The potential retirement of the Big Puma marks a kind of turning point in baseball player media relations. Lance was and is a maestro of the old media. When sportswriters needed a sound bit or an observant and humorous sports radio interview, they could bank on Fat Elvis. Berkman didn’t tweet, he talked. He is eloquent and funny as a conversationalist, in contrast to today’s young up-and-coming social media marketeers.
That and he could hit. I’m glad he got a ring.
If this is a year of departures, it’s also a year of arrivals. Are you a Trout guy or a Harper guy? (I’m a Bryce man, myself.)
Eric: Are we already aligning ourselves into camps? I heard John Kruk talking about this on ESPN the other night, and it didn’t even occur to me that anybody was picking sides. But I guess it makes sense. The Angel-faced, fishy-named Trout does present a helluva contrast with Harper and all his stylistic excess.
If this is the Beatles vs. Stones of our baseball-viewing generation, I want to align myself with the Stones. Because a Stones man is what I am. Musically, and I think/hope/hope not aesthetically. But then I watch these guys play.

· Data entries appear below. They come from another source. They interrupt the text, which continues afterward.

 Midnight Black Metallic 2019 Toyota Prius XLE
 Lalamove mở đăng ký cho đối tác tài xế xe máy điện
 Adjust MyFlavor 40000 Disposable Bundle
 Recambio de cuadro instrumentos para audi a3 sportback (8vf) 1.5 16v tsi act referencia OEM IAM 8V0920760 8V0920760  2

Harper’s super-aggressive, sizzling, kinetic assault on the baseball experience is the more captivating; Trout’s classicist embrace of all five tools, his left-handed game from the right side of the plate, is something more archaically, innocently beautiful.

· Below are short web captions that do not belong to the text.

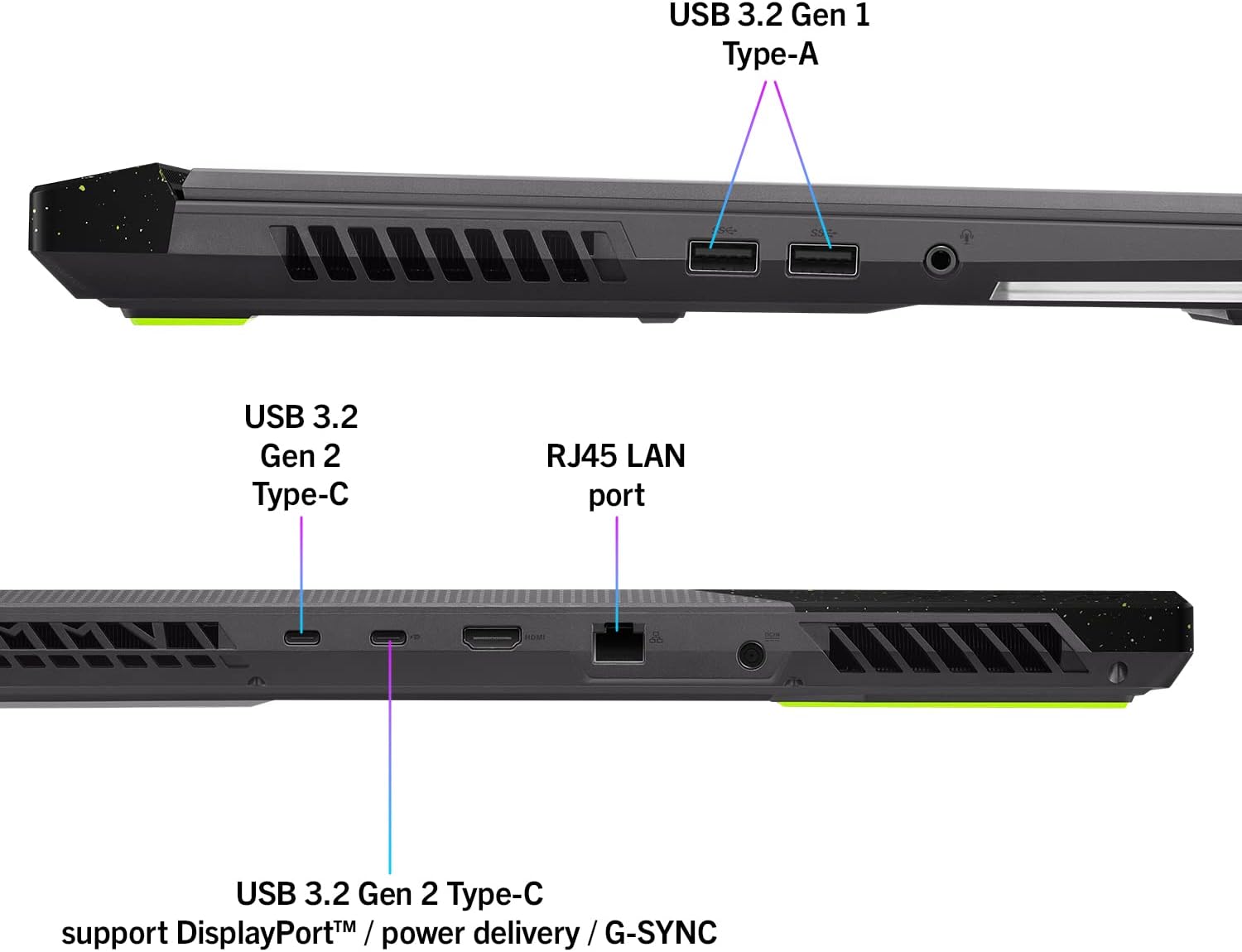 ASUS ROG Strix G15 G513RM-HQ166W, Notebook con Monitor 15,6 WQHD Anti-Glare, 165Hz, AMD Ryzen 7 6800H, RAM 16GB, 1TB SSD PCIE, Grafica NVIDIA GeForce RTX 3060 6GB GDDR6, Windows 11 Home, Grigio ASUS ROG Strix G15 G513RM-HQ166W, Notebook con Monitor 15,6 WQHD Anti-Glare, 165Hz, AMD Ryzen 7 6800H, RAM 16GB, 1TB SSD PCIE, Grafica NVIDIA GeForce RTX 3060 6GB GDDR6, Windows 11 Home, Grigio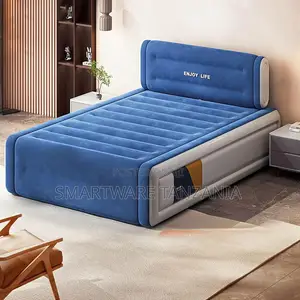 Air Mattress Single Guest Bed Self-inflating Air Bed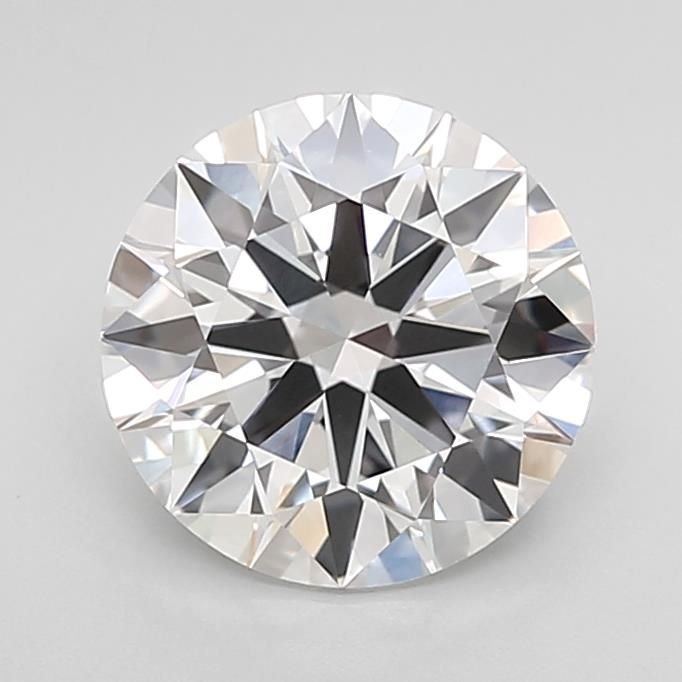 2.04ct E VVS1 Rare Carat Ideal Cut Round Lab Grown Diamond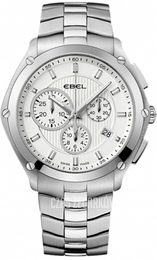 Ebel Classic Sport Srebrny/Stal Ø41 mm 1216043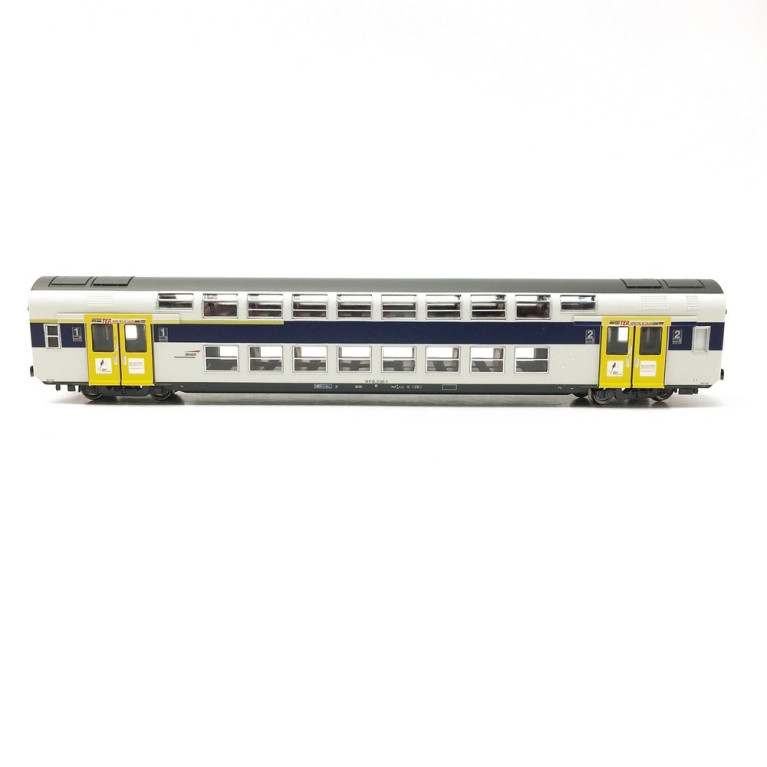 Voiture VB2N CL1/CL2 NORD Pas de Calais SNCF-HO 1/87-VITRAINS 3214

At risk of reducing this to a Simmonsian level (not that Bill Simmons would ever engage in such old-dude categorization), Bryce Harper is the Rolling Stones and Mike Trout is the Beatles. And yet, despite myself, I find myself preferring Trout. Bryce Harper is changing the way we watch baseball. Mike Trout makes me feel like I’m watching the next Joe DiMaggio. His very swing feels steeped in history. Right now, that’s easier for me to consume and appreciate.
More importantly: Who is the Beach Boys of baseball?

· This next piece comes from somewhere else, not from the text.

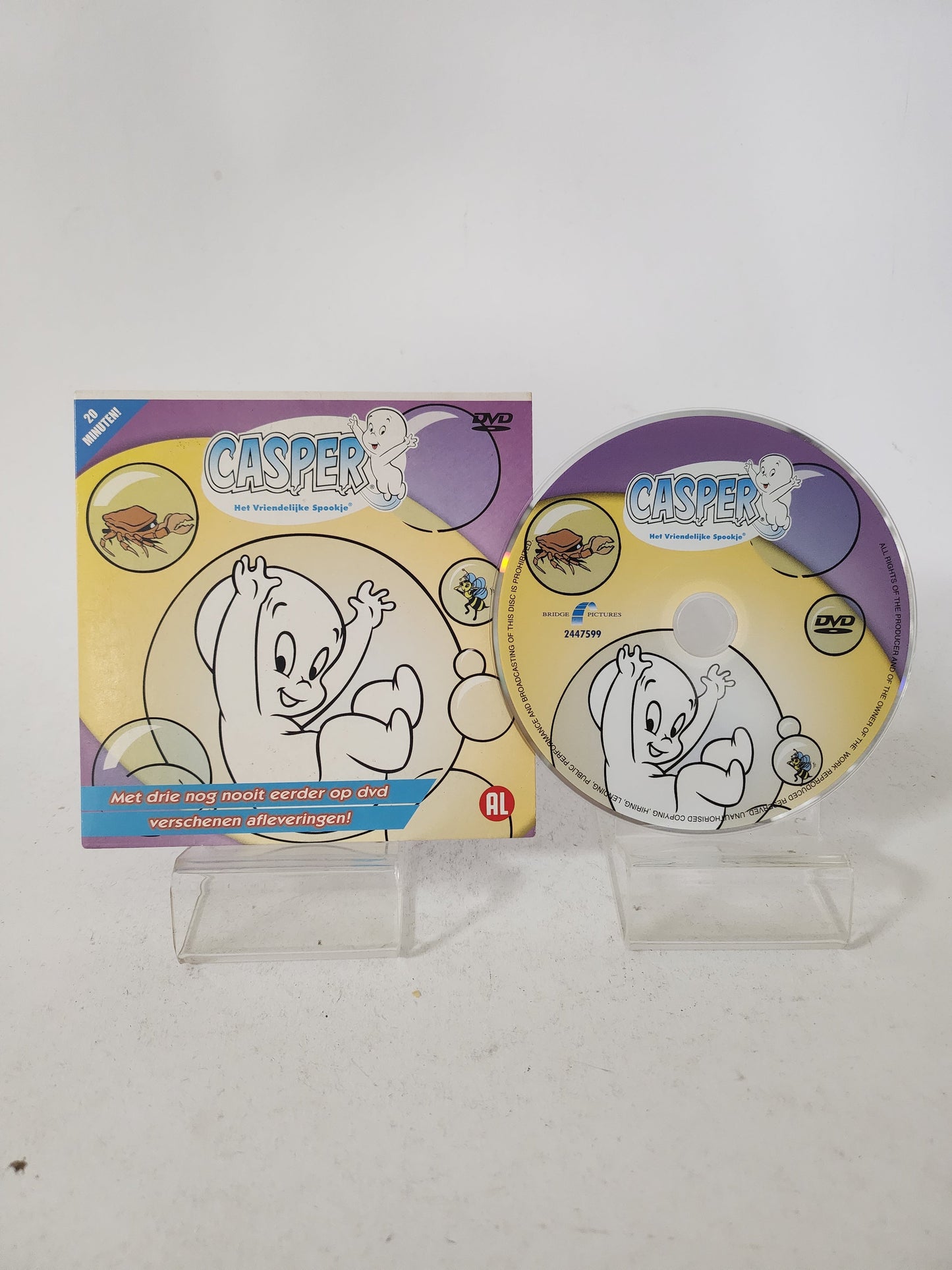 Casper: het Vriendelijke Spookje DVD Kids - Dvd kids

Ted: The Tampa Bay Rays are the Beach Boys of BaseBall. Sunny disposition, coordinated beachwear, and an elevated level of quality that will outlast the schtick….
Give me Bryce Harper. Ordained for years as the second coming, scrutinized like a British royal, called up before his 20th, and how does he respond? By playing baseball with Pete Rose-level gamesmanship mixed with the grade-A talent that he didn’t even bother with at Triple-A. Trout has his appeal, the Dimaggio-like understated disposition, and his footspeed is a totally compelling characteristic. But thus far Harper is the cultural confluence.
Do you think there’s enough going on between the two of these players to create a Nomar-A-Rod-Jeter dynamic at some point down the line?
Eric: Even though I just finished reducing them to stale classic rock archetypes, I’ll now say I don’t even want to go there. For one, I’m not even sure I can explain the Nomar-A-Rod-Jeter dynamic. I was so young, and they were so big. Now I’m old enough that if I was an MLB player I’d be entering my prime soon, and Harper and Trout actually sort of seem like kids. To burden them with that sort of expectation would be unfair. I just hope they are both great, exciting ballplayers for a long time. I hope whatever energy that exists between the two of them only serves to enhance the way each is appreciated. I hope they can be as comfortable in the media landscape as tomorrow as Lance Berkman was in yesterday’s.